Graham Reid | | 1 min read
Joe South wrote some classic songs which others took to great heights: Hush (Deep Purple); I Never Promised You A Rose Garden (Lynn Anderson); Down in the Boon Docks (Billy Joe Royal) and others.
Of his own career he is best known for the terrific Games People Play which was also much covered (in New Zealand by Allison Durban) and the weary Don't It Make You Wanna Go Home Lord. He had a laconic Southern delivery -- when he wasn't going for the whole ballad push.
The first album on this two-fer set of his '71 and '72 period catches him that post-hippie period where there was still some optimism in the air (he covers United We Stand), a whiff of pastoralism, but also the musical experimentalism of the period.
So here are interesting arrangements: a rock band plus flute, stacked up backing vocals and horns, punchy guitar, shifts into a minor key, some real Southern soul and a little Memphis funk. And he throws in a pretty stonking cover of Ray Charles' Drown in My Own Tears, as well as picking up Lady Moon Walker (penned by Mars Bonfire who wrote Born to be Wild) and delivering a raw version of Motherless Children over a stabbing arrangement.
There is country soul aplenty here but rather overwhelmed by the everybody-in production and South's songs not being quite as strong as those on which he'd made his name.
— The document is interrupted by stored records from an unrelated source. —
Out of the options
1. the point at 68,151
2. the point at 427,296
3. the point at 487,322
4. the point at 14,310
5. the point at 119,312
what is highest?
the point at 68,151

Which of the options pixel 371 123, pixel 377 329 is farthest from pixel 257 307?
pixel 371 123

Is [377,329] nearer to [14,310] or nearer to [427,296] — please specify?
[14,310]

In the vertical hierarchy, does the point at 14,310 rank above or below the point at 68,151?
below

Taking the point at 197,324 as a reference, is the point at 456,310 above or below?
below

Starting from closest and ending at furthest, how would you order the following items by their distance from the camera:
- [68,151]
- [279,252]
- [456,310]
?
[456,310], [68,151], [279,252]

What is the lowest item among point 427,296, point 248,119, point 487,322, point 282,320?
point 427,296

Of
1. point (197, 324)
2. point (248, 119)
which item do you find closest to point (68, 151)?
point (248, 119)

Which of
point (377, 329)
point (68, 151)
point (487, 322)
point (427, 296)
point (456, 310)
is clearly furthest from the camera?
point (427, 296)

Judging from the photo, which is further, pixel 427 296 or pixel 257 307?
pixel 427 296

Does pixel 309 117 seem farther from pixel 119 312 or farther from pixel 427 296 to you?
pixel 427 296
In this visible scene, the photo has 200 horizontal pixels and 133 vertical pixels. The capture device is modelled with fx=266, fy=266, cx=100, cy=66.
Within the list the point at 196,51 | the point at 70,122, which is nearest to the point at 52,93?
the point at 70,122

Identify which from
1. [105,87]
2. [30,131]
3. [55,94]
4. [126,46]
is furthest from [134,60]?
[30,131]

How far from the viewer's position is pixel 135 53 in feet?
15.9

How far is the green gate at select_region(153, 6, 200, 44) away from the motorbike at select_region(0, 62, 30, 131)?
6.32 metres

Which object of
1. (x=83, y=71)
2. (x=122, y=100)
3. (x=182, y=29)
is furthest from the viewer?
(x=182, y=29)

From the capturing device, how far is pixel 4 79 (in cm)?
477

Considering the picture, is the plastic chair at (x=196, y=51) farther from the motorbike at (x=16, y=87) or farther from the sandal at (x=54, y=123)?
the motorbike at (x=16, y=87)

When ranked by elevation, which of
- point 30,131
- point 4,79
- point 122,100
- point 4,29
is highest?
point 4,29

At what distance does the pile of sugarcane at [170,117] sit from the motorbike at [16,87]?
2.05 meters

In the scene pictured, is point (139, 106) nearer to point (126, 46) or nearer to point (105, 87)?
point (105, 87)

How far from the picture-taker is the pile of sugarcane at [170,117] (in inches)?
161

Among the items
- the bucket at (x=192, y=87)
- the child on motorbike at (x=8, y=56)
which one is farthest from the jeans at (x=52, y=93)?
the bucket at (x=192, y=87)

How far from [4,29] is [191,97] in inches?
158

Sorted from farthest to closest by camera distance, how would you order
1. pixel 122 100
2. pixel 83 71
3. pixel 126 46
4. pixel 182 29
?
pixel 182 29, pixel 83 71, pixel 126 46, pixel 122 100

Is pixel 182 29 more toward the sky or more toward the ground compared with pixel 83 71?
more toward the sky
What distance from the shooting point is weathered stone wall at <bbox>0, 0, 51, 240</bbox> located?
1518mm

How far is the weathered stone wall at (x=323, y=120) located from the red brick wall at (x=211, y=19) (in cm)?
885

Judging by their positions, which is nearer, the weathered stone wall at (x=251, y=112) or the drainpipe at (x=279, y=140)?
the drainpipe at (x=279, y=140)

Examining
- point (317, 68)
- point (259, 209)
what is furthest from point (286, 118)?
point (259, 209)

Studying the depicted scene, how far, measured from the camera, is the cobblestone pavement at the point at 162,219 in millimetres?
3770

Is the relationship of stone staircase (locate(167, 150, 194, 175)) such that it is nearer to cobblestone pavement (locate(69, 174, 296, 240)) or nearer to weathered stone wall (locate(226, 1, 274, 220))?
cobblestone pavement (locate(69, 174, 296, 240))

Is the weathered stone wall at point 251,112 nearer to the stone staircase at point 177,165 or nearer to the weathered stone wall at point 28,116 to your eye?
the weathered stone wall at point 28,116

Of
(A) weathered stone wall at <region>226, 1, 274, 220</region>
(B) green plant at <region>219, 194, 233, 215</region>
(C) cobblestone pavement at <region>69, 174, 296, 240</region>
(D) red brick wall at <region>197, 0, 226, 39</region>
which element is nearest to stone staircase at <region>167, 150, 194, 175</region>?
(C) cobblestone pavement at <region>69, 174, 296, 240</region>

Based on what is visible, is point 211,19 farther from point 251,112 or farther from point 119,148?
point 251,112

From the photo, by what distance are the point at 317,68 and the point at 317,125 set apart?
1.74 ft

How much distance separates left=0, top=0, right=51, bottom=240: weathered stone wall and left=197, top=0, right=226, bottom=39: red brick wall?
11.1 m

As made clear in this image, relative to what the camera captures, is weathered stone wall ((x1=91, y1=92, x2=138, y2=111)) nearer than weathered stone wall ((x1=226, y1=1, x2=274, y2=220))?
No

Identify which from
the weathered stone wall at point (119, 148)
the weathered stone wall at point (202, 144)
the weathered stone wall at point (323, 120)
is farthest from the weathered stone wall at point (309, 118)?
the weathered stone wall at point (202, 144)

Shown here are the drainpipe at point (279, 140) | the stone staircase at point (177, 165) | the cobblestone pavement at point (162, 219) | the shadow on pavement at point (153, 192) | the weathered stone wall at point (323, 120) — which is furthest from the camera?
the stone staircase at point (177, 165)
The '72 album A Look Inside is the stronger, opening with the stripped back and emotionally desolate Coming Down All Alone which, in Keith Richards' hands, could have made the cut on the dope-soaked Exile on Main Street.
His soulful Imitation of Living ("God help me if you can, help this poor imitation of a man") cries out for a rediscovery and everywhere there is a sense of urgency here that makes the album less complacent than so many others at the time. With slewing slide guitar, bluesy moods and Southern soul on songs like It Hurts Me Too, Real Thing and One Man Band it is closer to Leon Russell, the Allmans or drugged-out Clapton.
South's voice can be a little hard to take on A Look Inside because he is in more upbeat soul mood, but the material is uniformly strong (Misunderstanding is black soul in another lifetime, the moody and stoned Misfit really does "cook" as he says and he sounds like an alt.Elvis)
Oddly enough this comes with some bonus tracks -- two from '69, one from '73 and improbably a country ballad from last year (his first studio recording in 35 years) entitled Oprah Cried, a country weeper (tongue-in-cheek I hope) about pouring his heartbreak out on television and which sounds like Merle Haggard. It's an odd one, and kinda funny.
So two albums for the price of one (one pretty terrific) and one priceless song about Oprah. That's a good deal of Joe South.